アストンマーティン・ホンダF1 振動問題に光明 ニューウェイの解決策が浮上

4月のインターバル期間を迎えた現在、チームはこの根本的な欠陥の解消に全力を注いでいる。エイドリアン・ニューウェイが主導する開発作業は、今後の戦力図を左右する重要な局面に入っている。
振動が奪うパフォーマンスと信頼性
アストンマーティンのマシンは、エンジン由来の振動がシャシー全体に伝わる構造的な問題を抱えている。

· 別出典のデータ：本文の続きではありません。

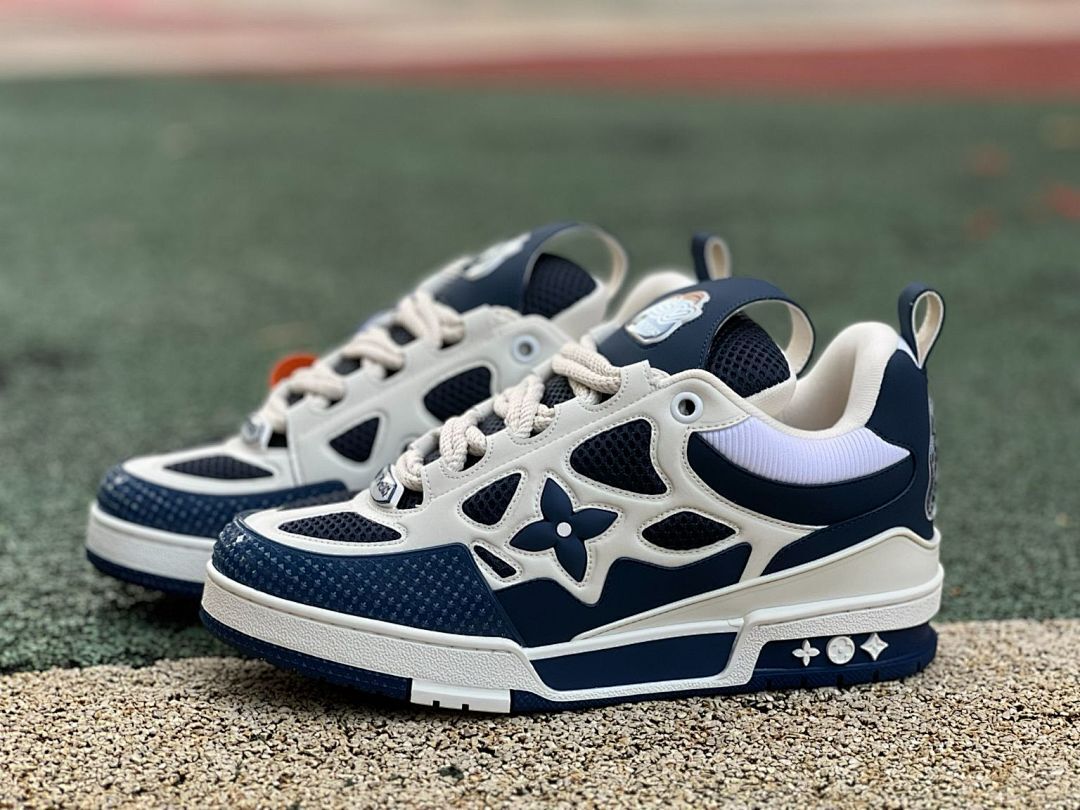 Louis Vuitton Moncler Hybrid Low Top Trainer Sneakers Navy Cream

この振動は単なる不快要素にとどまらず、ドライビング精度やタイヤマネジメントに直接的な悪影響を及ぼしている。
ステアリング操作の精度低下によりコーナリングでの再現性が損なわれ、結果としてタイヤの摩耗が進行。これにより戦略の自由度が制限され、予定外のピット戦略を強いられるケースも生じている。
さらに、振動はドライバーの身体にも負担を与え、長期的な健康リスクすら懸念されている。ニューウェイもこの問題を「根本から断つ必要がある」と認識している。
日本で見えた“解決策”と新たな課題
日本での走行において、ホンダは改良型ステアリングロッドを投入した。このパーツはエンジン振動の周波数を吸収し、ステアリングへの伝達を抑える設計となっていた。
アロンソは初期走行後に「クルマが普通に感じられる」と述べており、振動が大幅に軽減されたことが確認された。ラップタイムの改善も見られ、方向性としては正しいアプローチだった。
しかし、この新パーツは耐久性に問題を抱えていた。短時間で素材疲労が進行し、週末を通して使用できないことが判明。チームは安全面を考慮し、従来仕様へと戻す判断を下した。

ニューウェイが進める再設計
現在、アストンマーティンのファクトリーでは、より高い耐久性を持つ素材の検証が進められている。振動を抑えつつ剛性を維持することが開発の焦点となっている。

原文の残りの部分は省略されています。